WHAT THE TASK REQUIRES: Copy exactly, no pictures: every line from the one that contains "Stihl Genuine Sharpening Stone & Whetstone 1" through the end of the entries below.

THE RECORDS: Begin

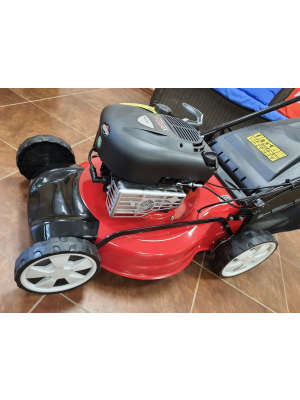 Sanli LBP 510 S9B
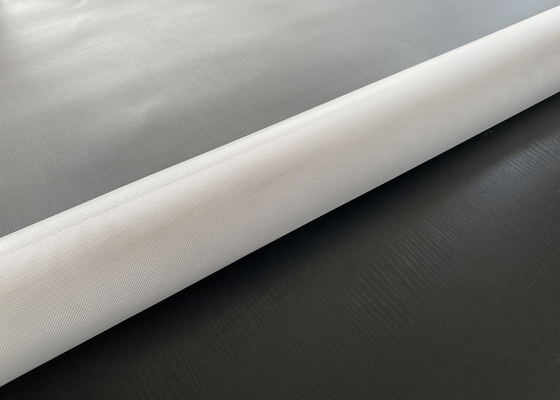 Mức độ thực phẩm GG XXX Fine 25 50 75 100 Micron Polypropylene Filter Cloth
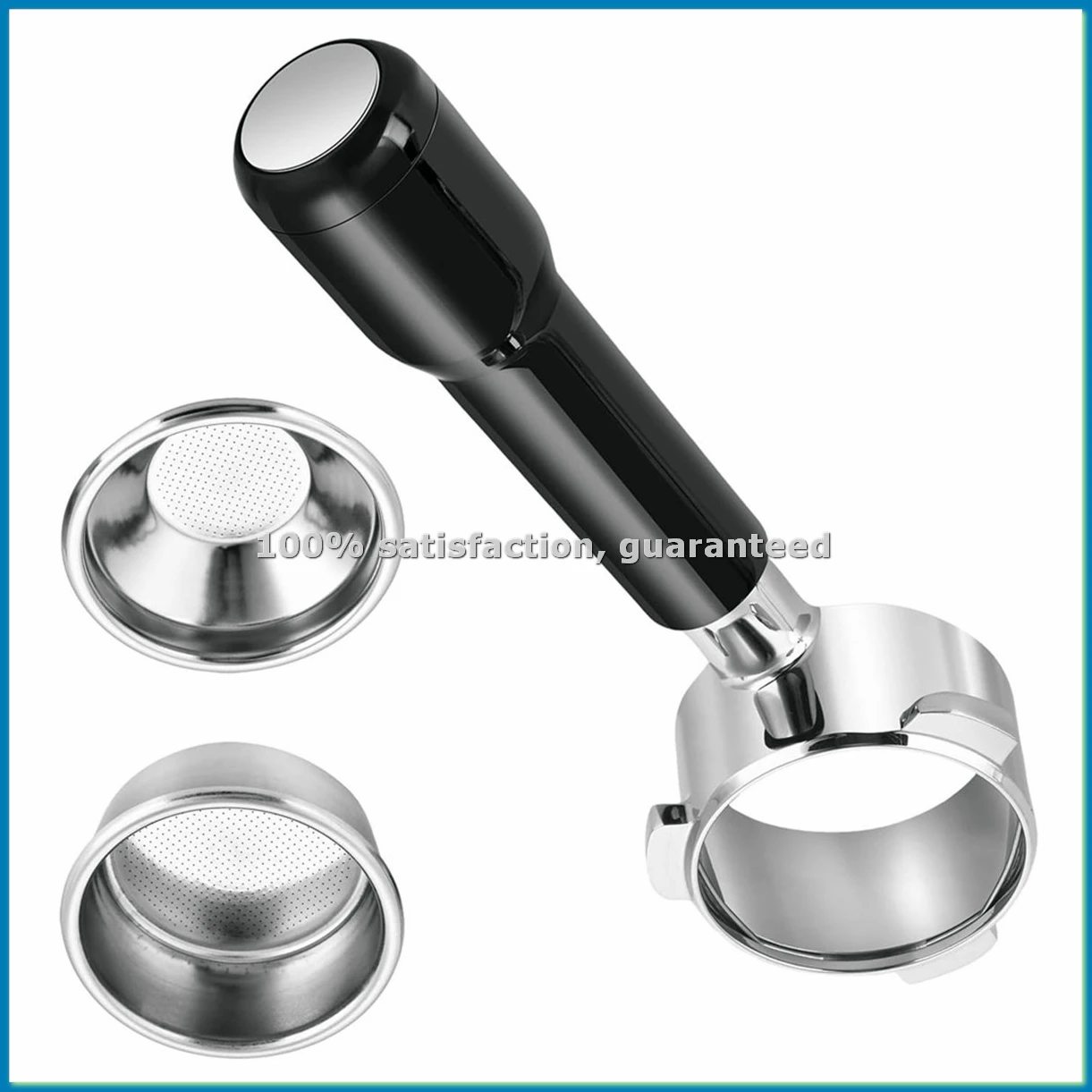 54mm-ボトムレスポルタフィルター-2-つのフィルターバスケット付き-8-シリーズ-タイプ-1170-および-bes870-bes880-ポルタフィルター-abrm-用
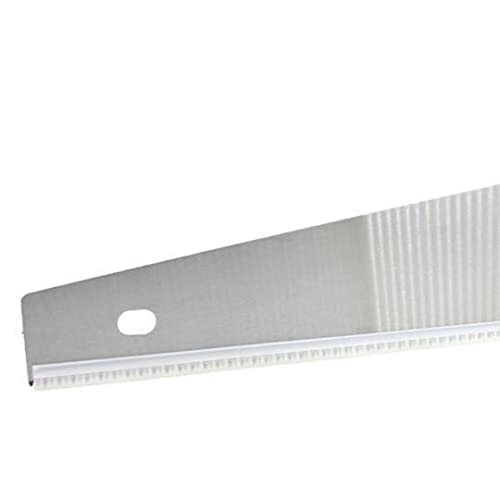 Irwin Serrote Bimaterial 20 Pol, Ferramenta de Alta Resistência e Qualidade, Modelo IWHT20378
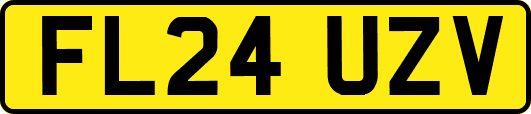 FL24UZV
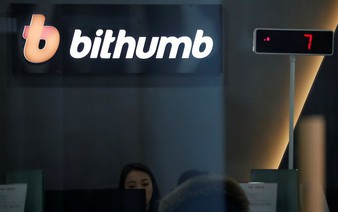 Crypto firm accidentally sends $44 billion in bitcoins to users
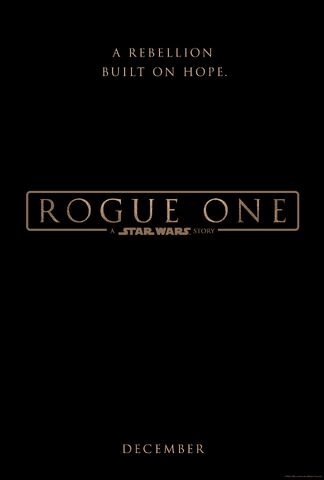 File:RogueOneTeaserPoster.jpg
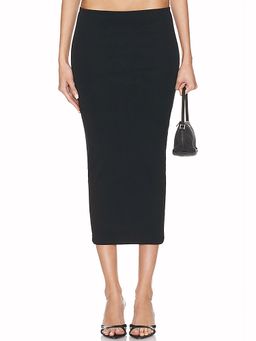 FLORE FLORE - Liv Skirt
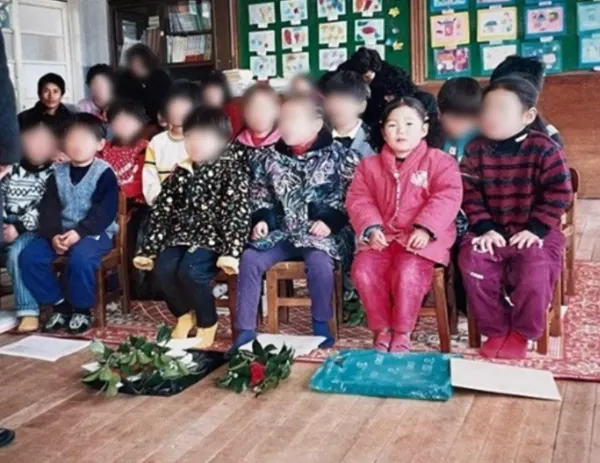 송가인(출처=송가인 인스타)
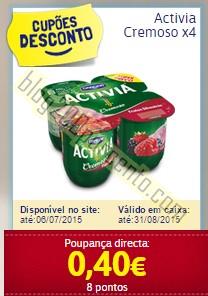promoções-descontos-11405.jpg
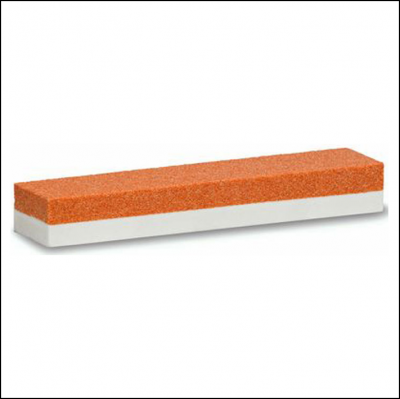 Stihl Genuine Sharpening Stone & Whetstone 1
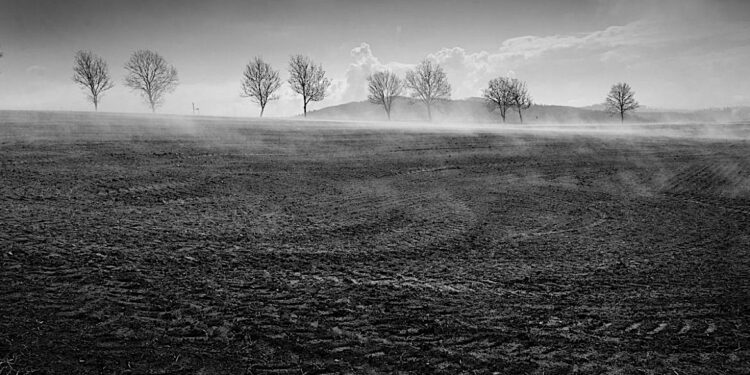 Finał cyklu „Debiuty” – zaproszenie dla miłośników fotografii krajoznawczej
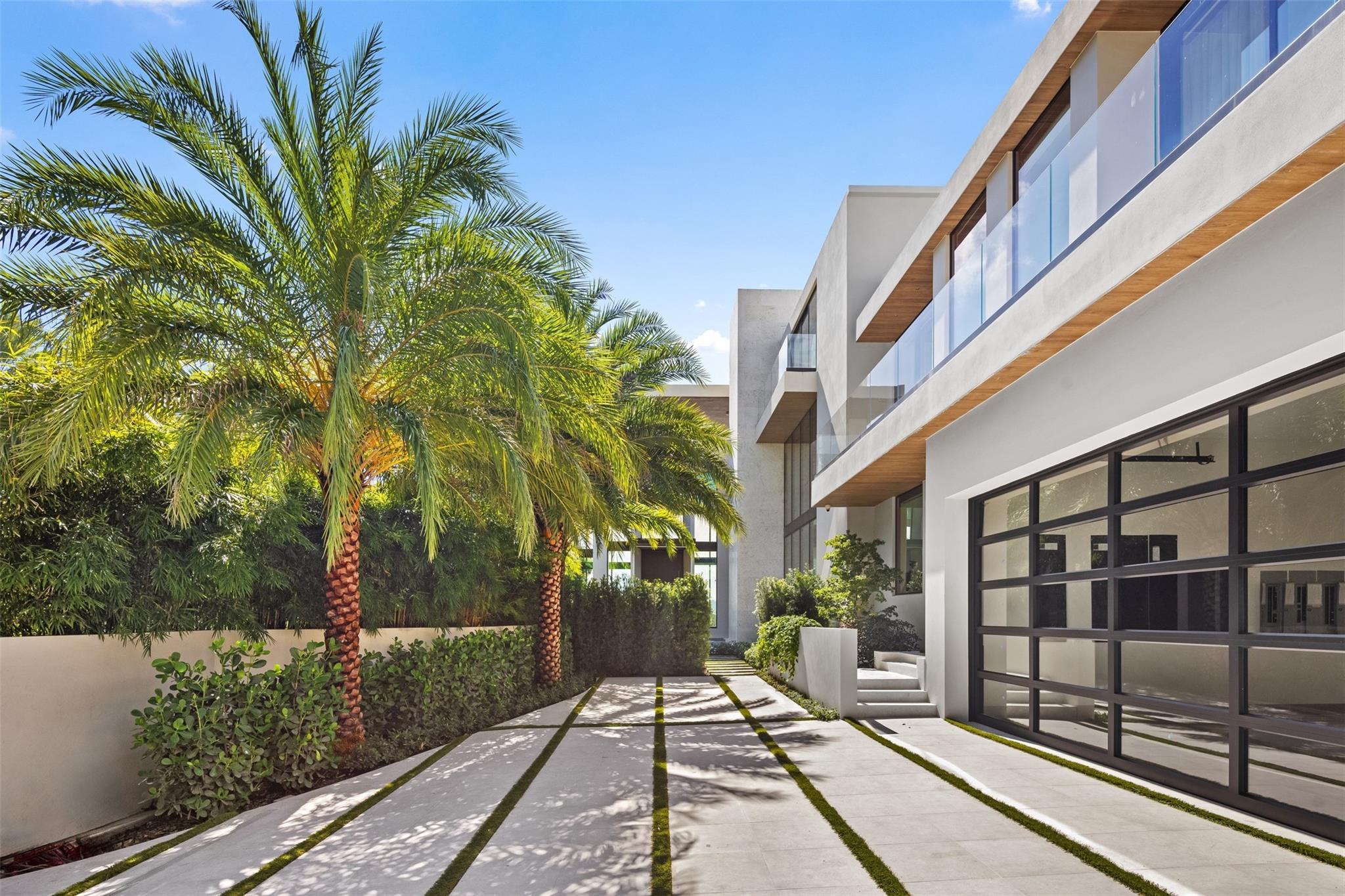 Coral Isles 15-60 B - Residential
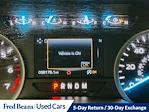 2019 Ford F-150 SuperCrew Cab 4WD Pickup for sale #D50390R1 - photo 14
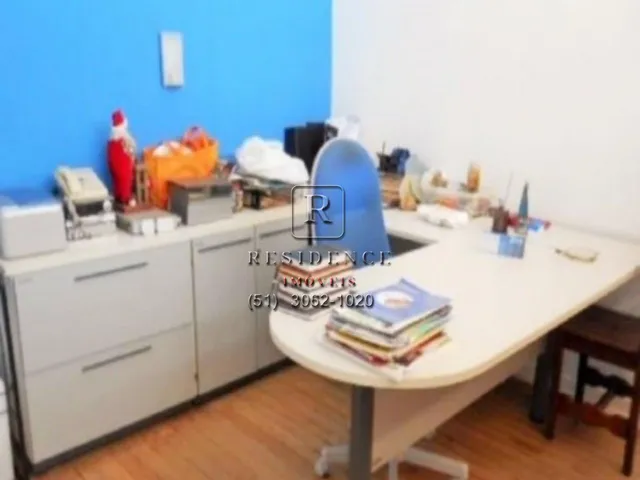 Imagem 13: Casa Residencial em Canoas - Rio Grande do Sul, Nossa Senhora das Graças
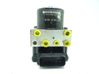 ABS Pump 454143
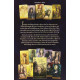 Таро Скрытого Царства - Tarot Of The Hidden Realm. Llewellyn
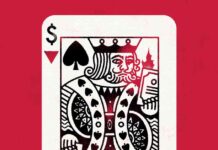 Best Time to Sell Stocks: A Comprehensive Guide news-29082024-112014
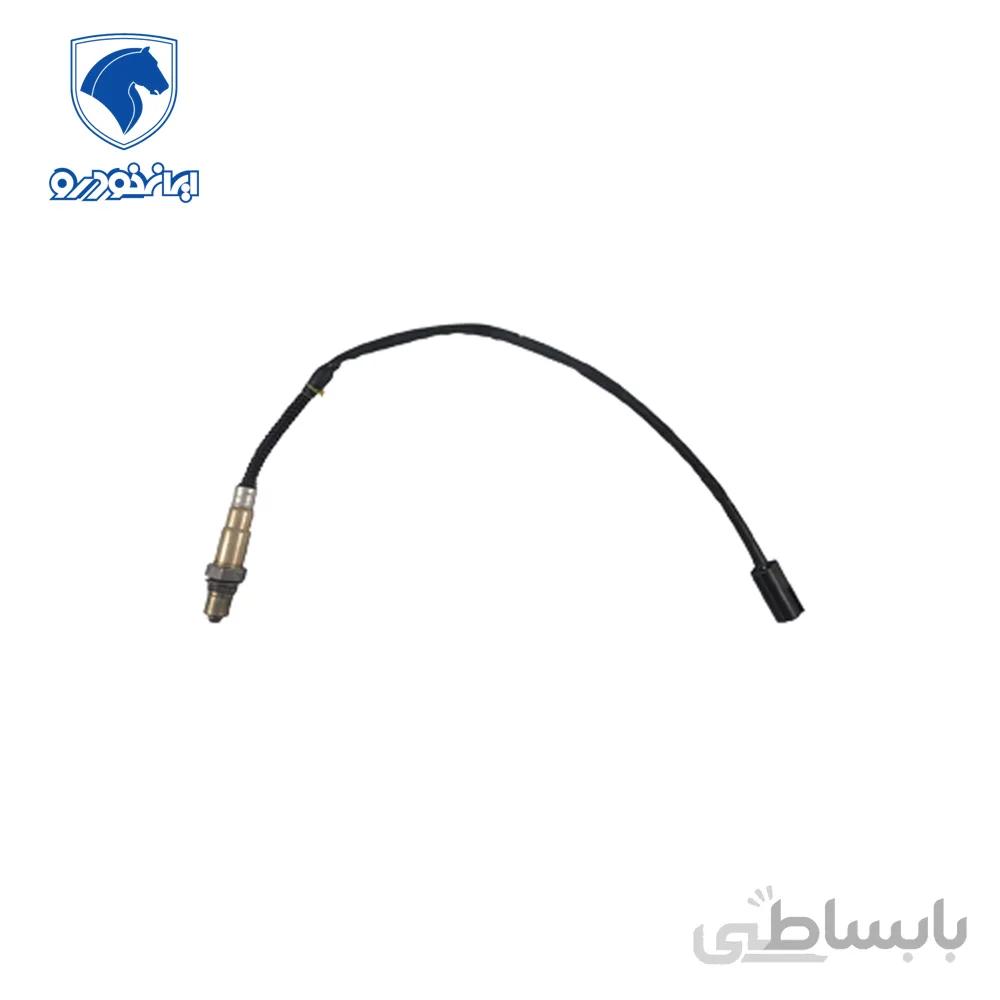 سنسور اکسیژن 4A8 رانا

THE RECORDS: End

RESPONSE AREA:
 Stihl Genuine Sharpening Stone & Whetstone 1
 Finał cyklu „Debiuty” – zaproszenie dla miłośników fotografii krajoznawczej
 Coral Isles 15-60 B - Residential
 2019 Ford F-150 SuperCrew Cab 4WD Pickup for sale #D50390R1 - photo 14
 Imagem 13: Casa Residencial em Canoas - Rio Grande do Sul, Nossa Senhora das Graças
 ABS Pump 454143
 Таро Скрытого Царства - Tarot Of The Hidden Realm. Llewellyn
 Best Time to Sell Stocks: A Comprehensive Guide news-29082024-112014
 سنسور اکسیژن 4A8 رانا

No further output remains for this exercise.